A wide range of symptoms are reported by patients at the clinical onset of the disease. Jaundice, abdominal pain, usually mild, symptoms secondary to pancreatic exocrine and endocrine insufficiency (weight loss, diabetes), and persistent elevation of serum levels of pancreatic enzymes may be observed in AIP patients. In a few cases AIP is discovered incidentally by US or other imaging techniques performed without an indication for a pancreatic disorder.

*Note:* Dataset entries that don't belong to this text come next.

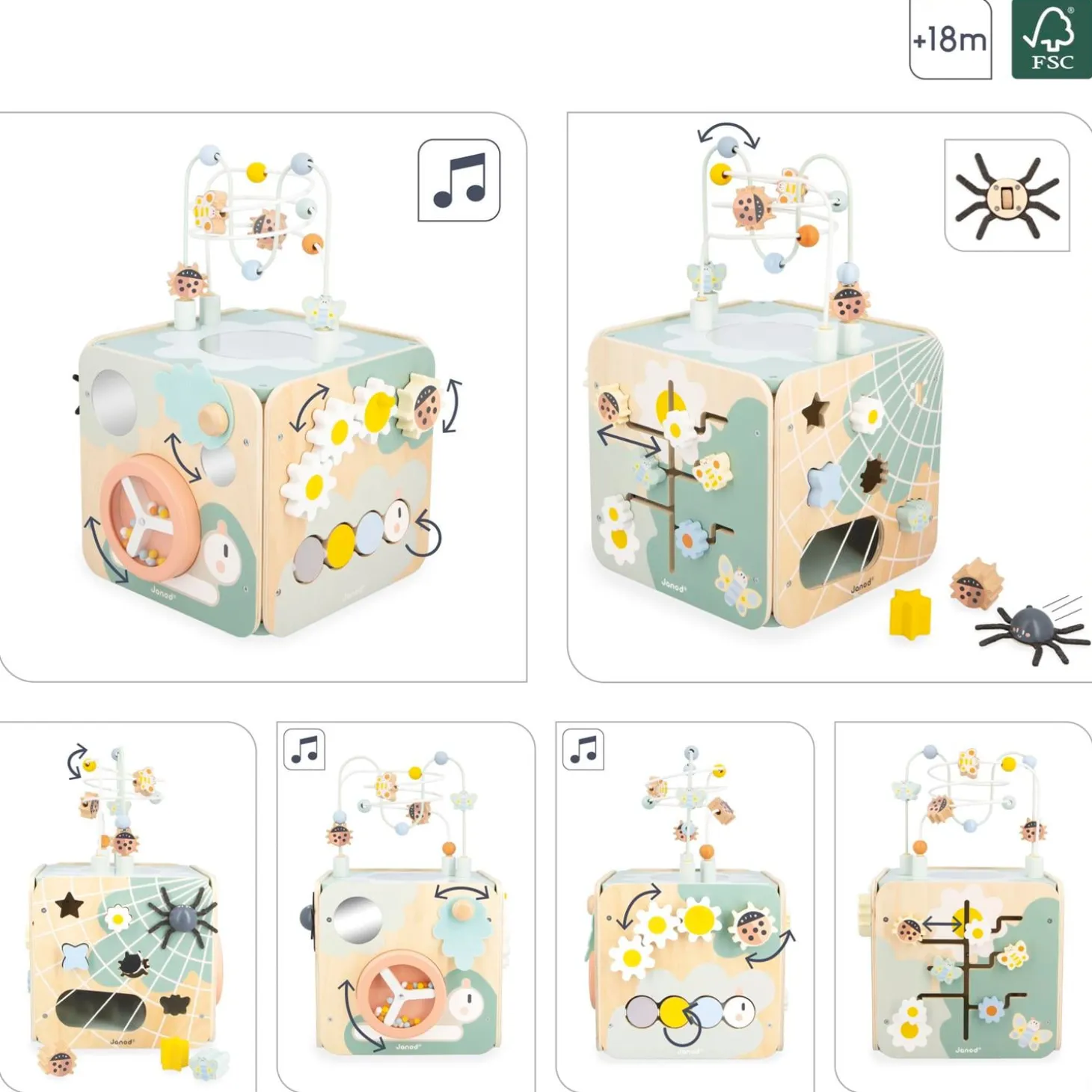 Janod Maxi cube multiactivités Multicolore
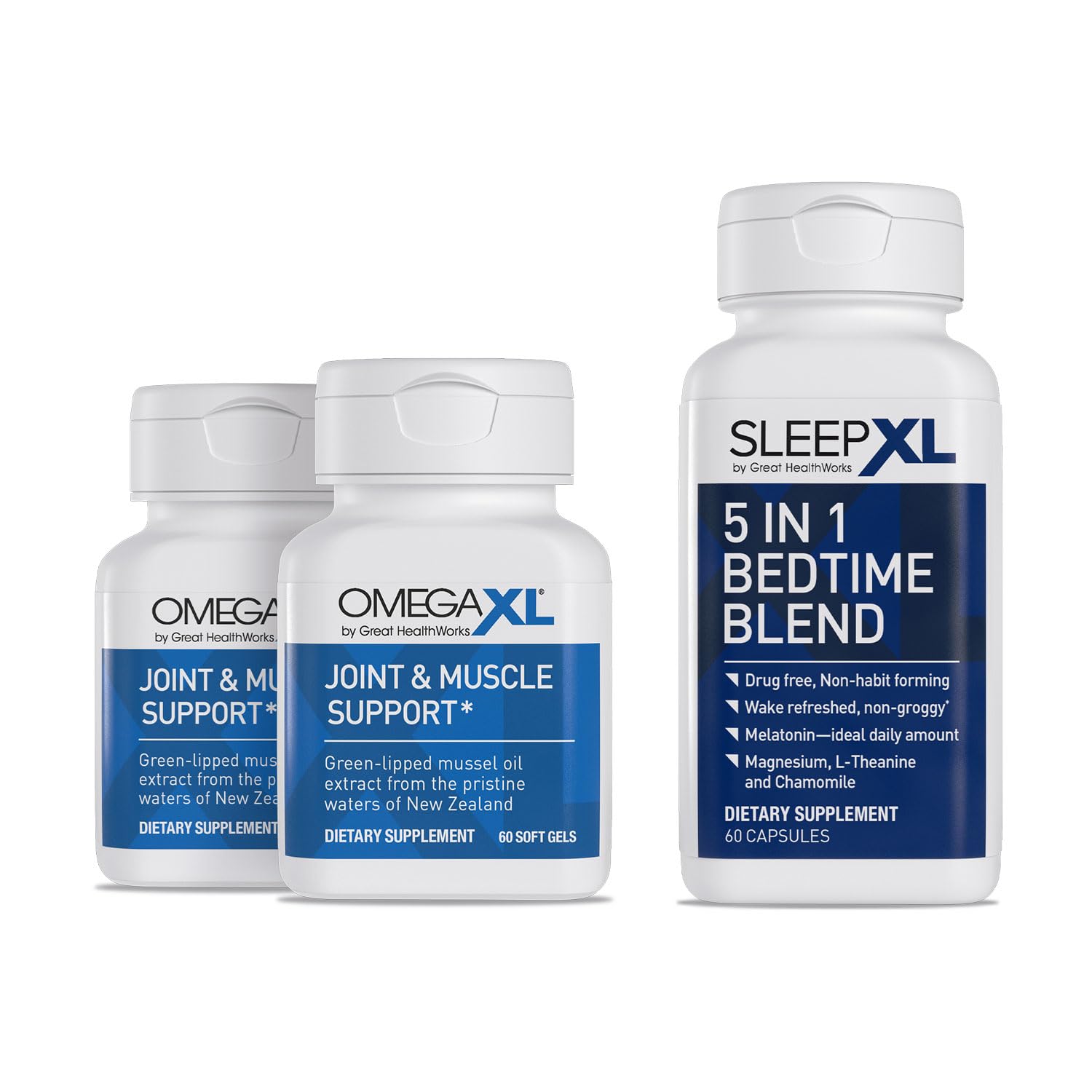 OmegaXL Joint Relief Supplement - Natural Muscle Support, 60 Softgels (2 Pack) & SleepXL immediate-Release melatonin, L-Theanine (Calming), Chamomile, Magnesium & B6 (60 Vegan Capsules) OmegaXLAu supplements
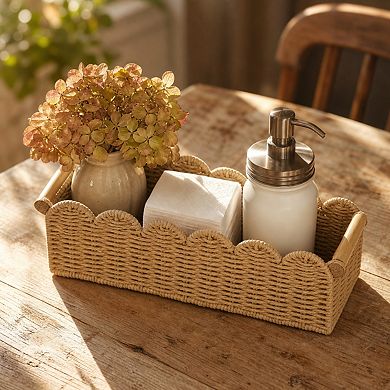 Scalloped Edge Woven Paper Rope Storage Basket With Wooden Handles Multipurpose Decor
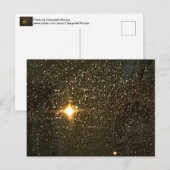 窓の雨滴越しの明るい夜空と街灯 ポストカード (正面/裏面)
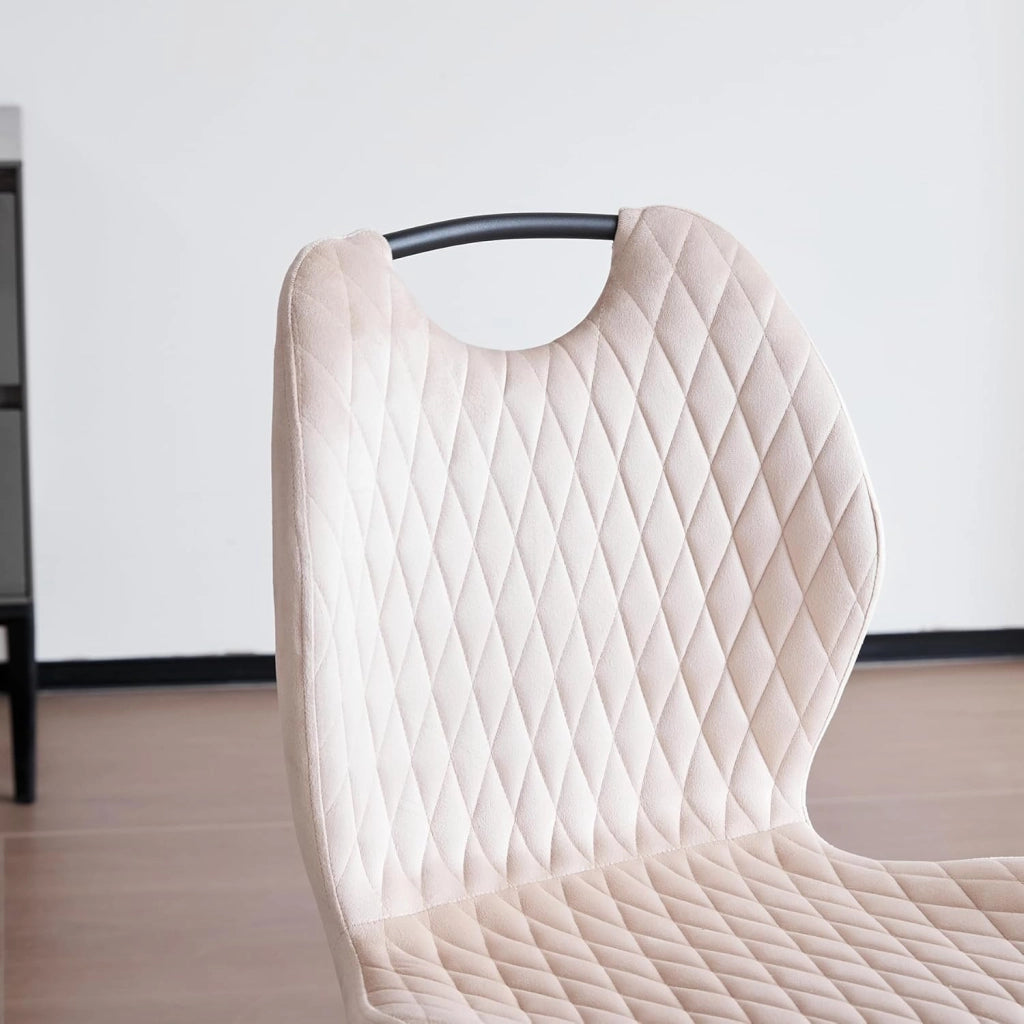 GrandCA HOME Set di 8 Sedie da Pranzo, Sedia da Pranzo Imbottita, Sedia da Cucina Nordica Con Maniglie, Gambe in Metallo, Sedie con Motivo a Rombi (Cachi)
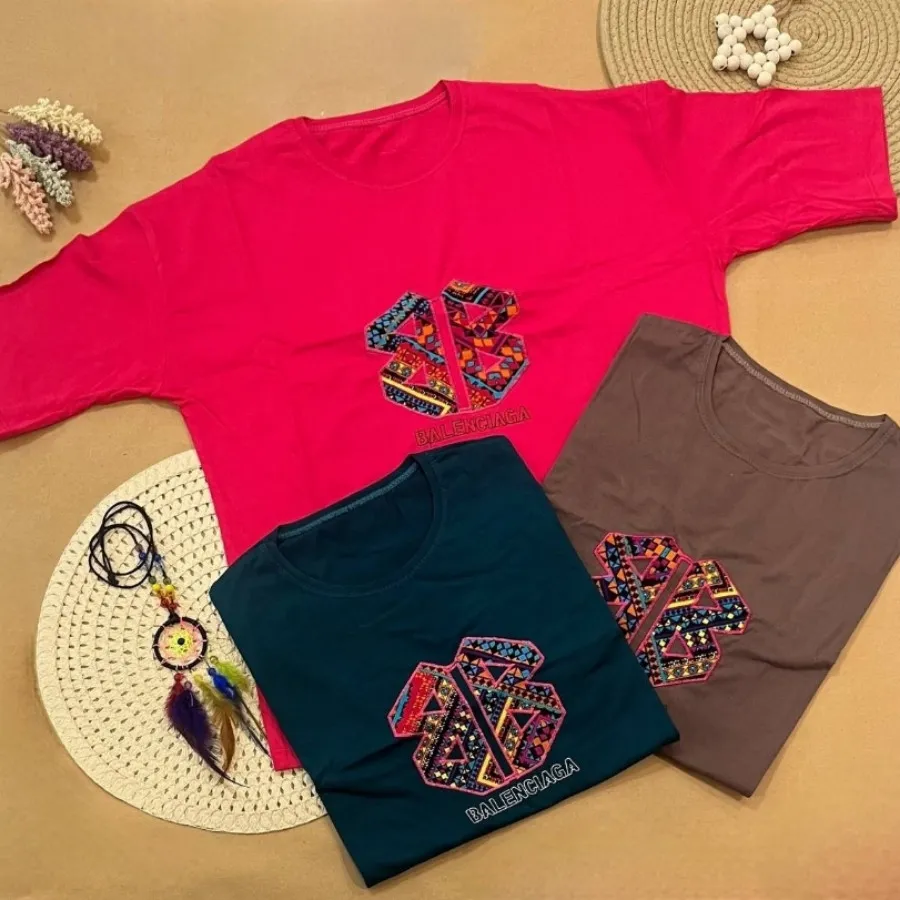 تیشرت باکسی رنگی تیکه دوز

On the basis of imaging, these patients can be divided in those with focal involvement of the pancreas and those with diffuse enlargement of the pancreatic gland[12]. In the case of focal AIP, particularly in the presence of a low-density pancreatic mass, the clinical challenge is to exclude pancreatic cancer and correctly diagnose AIP. Therefore, focal and diffuse types AIP should be strictly separated, since the problem of differential diagnosis with pancreatic cancer involves only focal AIP.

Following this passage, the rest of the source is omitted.